Placebo-effect of medication

Alternative medicines work largely on the basis of their placebo effect. Regular medicines too. Classically, it is assumed that the real placebo effect (apart from the natural evolution of disease) amounts to an average of 40-60% of the overall effectiveness of regular medicine. Modern studies often point to even larger percentages: 80% and more! (M. Enserink ‘Can the placebo be the cure?’ Science 284: 238-240, 1999)

A domain in which this placebo effect is reflected again and again, is formed by the clinical (double blind) studies that are needed to register a drug. Again and again the placebo effect is amply reflected in this. One can say that this makes it the most studied and scientifically proven health-related phenomenon that exists. So also the relatively most neglected one...

At least a large part of the true placebo effect is due to suggestion: belief in recovery, belief in the remedy, the 'meaning' of the drug to the patient’s subconscious. However, the placebo effect is not an interesting kind of suggestion. It is untrue in the first place, because it is based on a belief without substance. If someone gets a pure placebo, it works only if that person erroneously believes that he is being helped by it. Take away this erroneous belief and the effect disappears. This is clear in the case of a pure placebo. The same mechanism is also applicable to a partial placebo.

Moreover, a placebo works only superficially, i.e. purely symptomatically. A symptom is removed without attention to underlying issues. With psychosomatic symptoms there is much underlying. In view of the base of falsehood, it is impossible to reach whatever is underlying with the use of a placebo agent. The doors to it remain closed.

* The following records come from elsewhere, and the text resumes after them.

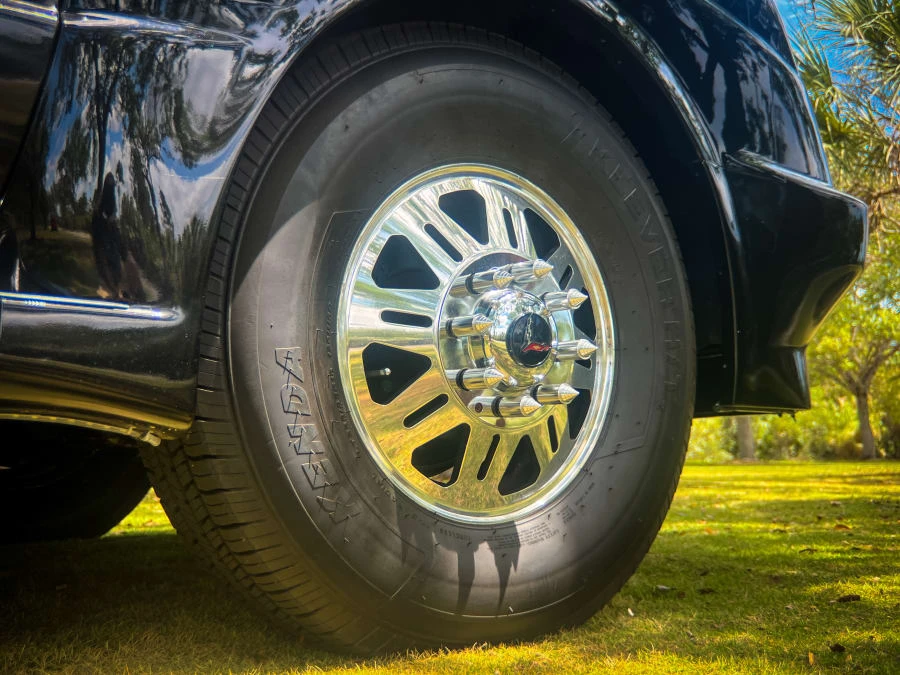 1990 GMC Sierra 1st Gen - Image 11 of 18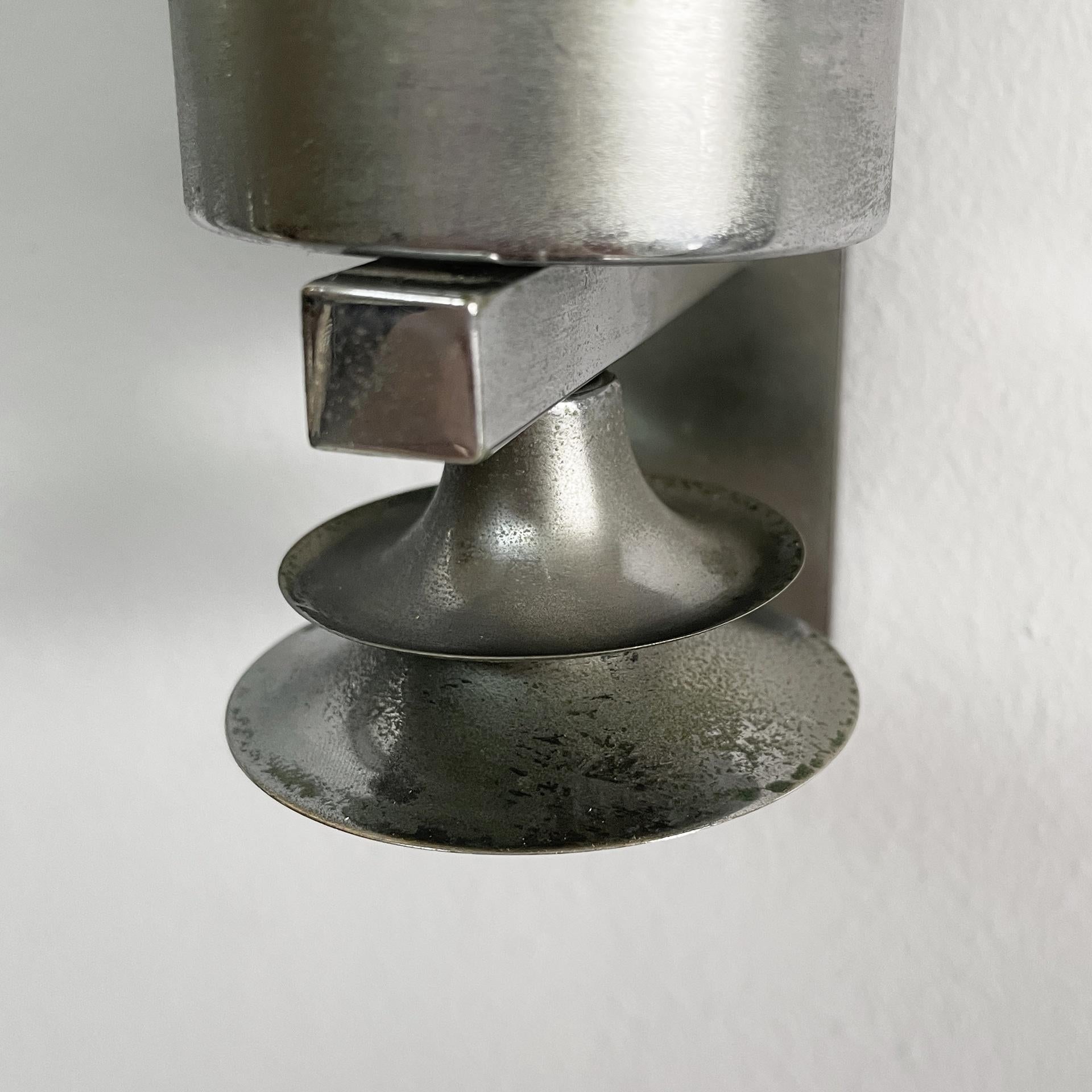 Italian Art Deco cylindrical wall lamps in opaline glass and metal, 1930s in vendita 6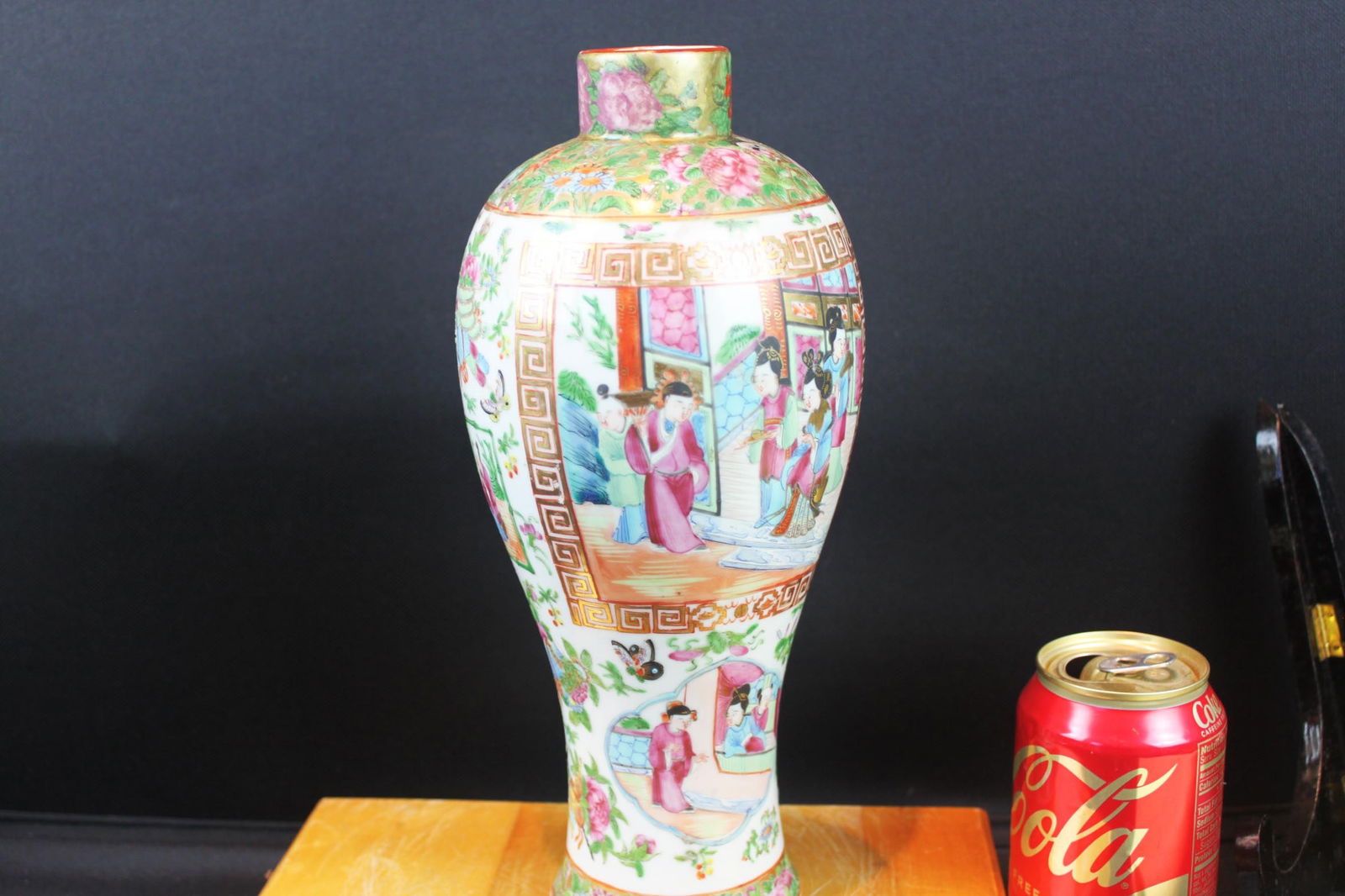 Large Chinese Export Famille Rose Porcelain Vase with Court Ladies, Late Qing Period (1 of 8)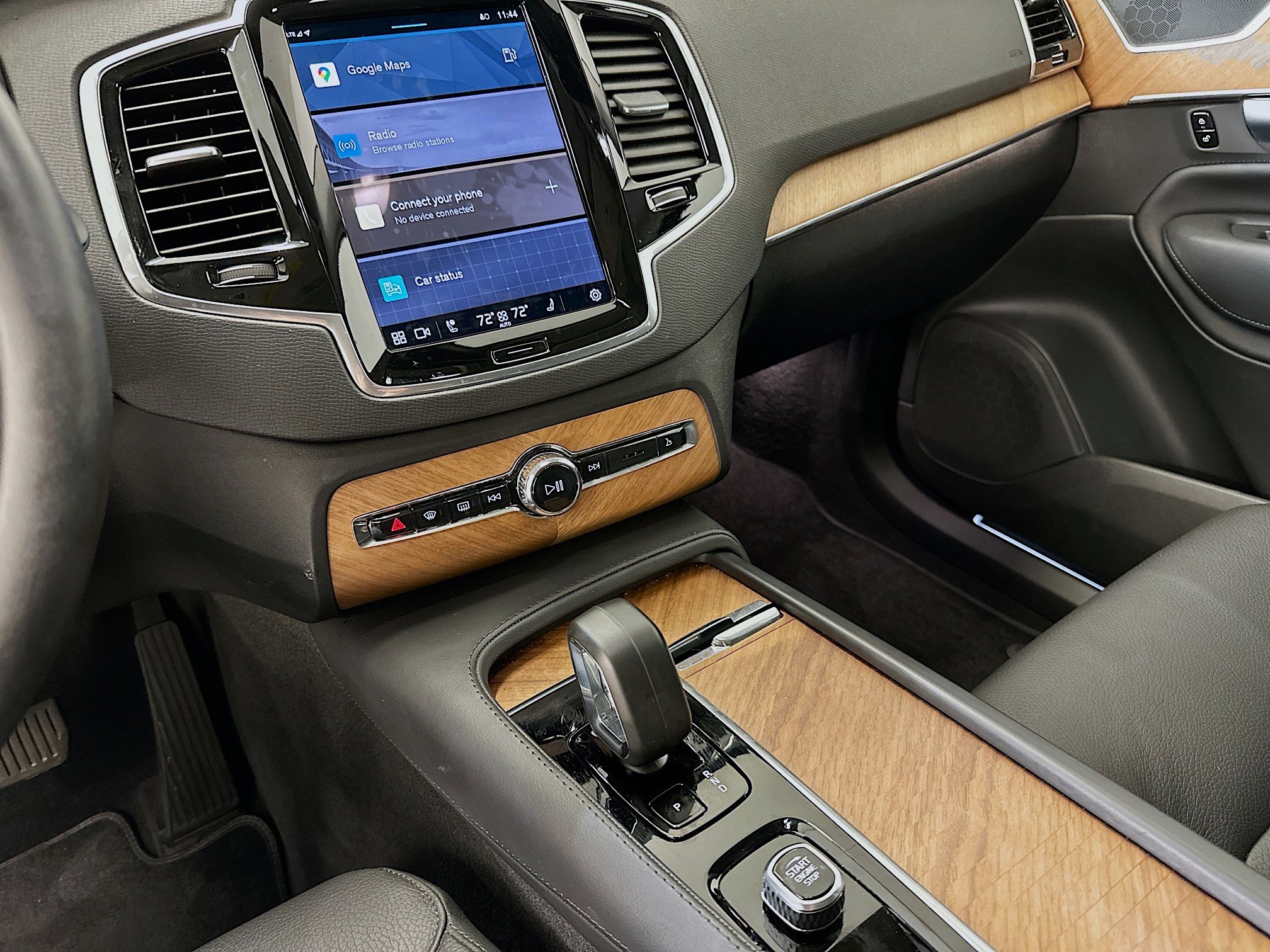 Used 2025 Volvo XC90 B6 Plus image 26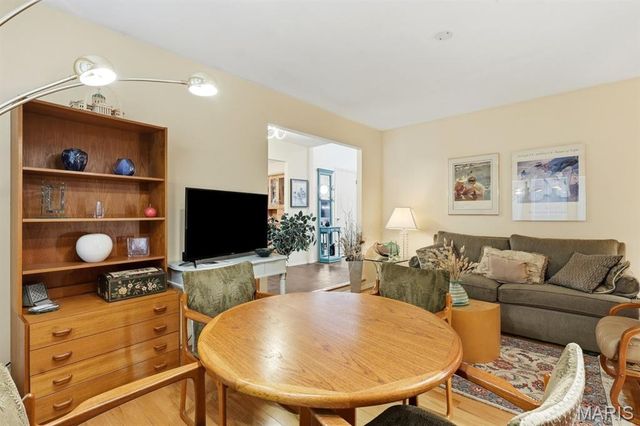 12080 Spruce Haven Drive, Creve Coeur, MO 63146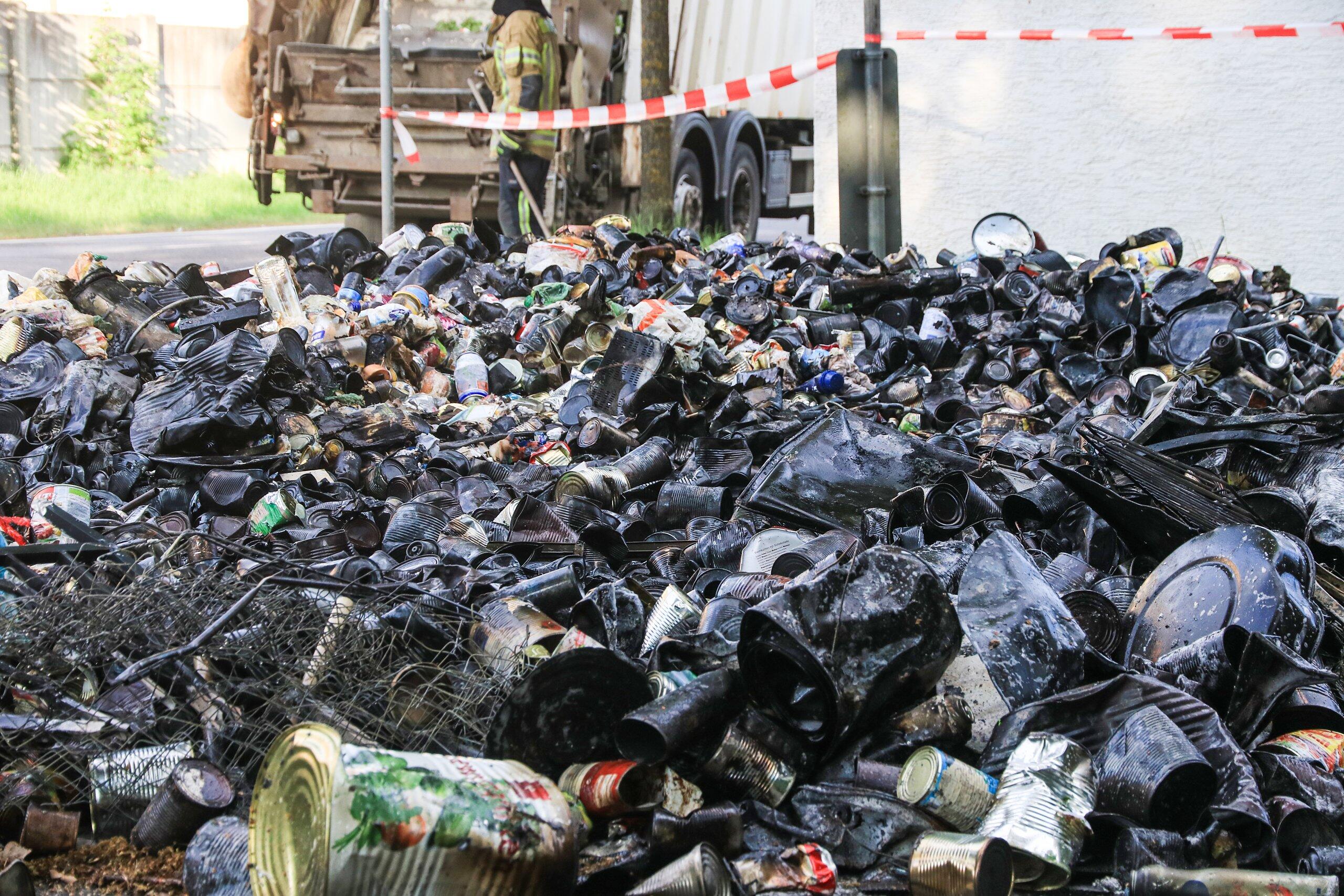 Bilder von: Bamberg: Müll-Laster kippt brennende Ladung aus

Placebo leads to dependence. Without placebo agent, there is obviously no placebo effect thereof. If one discontinues the placebo agent, then the effect has gone. This is very important in chronic medication for psychosomatic problems. Patients become dependent on their medication while their problem gets bigger and an effective solution becomes increasingly difficult.

Placebo has a bad name because it is based on deception. Pursuit of truth is of great value to society also in the field of health and healing. A truth-based medicine makes individuals, and thus society itself, 'better' in all respects. It is indeed pointless to draw a dividing line between psychosomatics and phenomena as depression, chronic anxiety or aggression in general. Aggression for example, shows itself individually, but also collectively. Great thinkers have already warned for this: wars occur primarily within individuals and more specifically also within the 'ordinary man in the street’. If this ordinary man in relation to his own psychosomatic symptoms is always driven towards an aggressive stance, this has the most far-reaching consequences.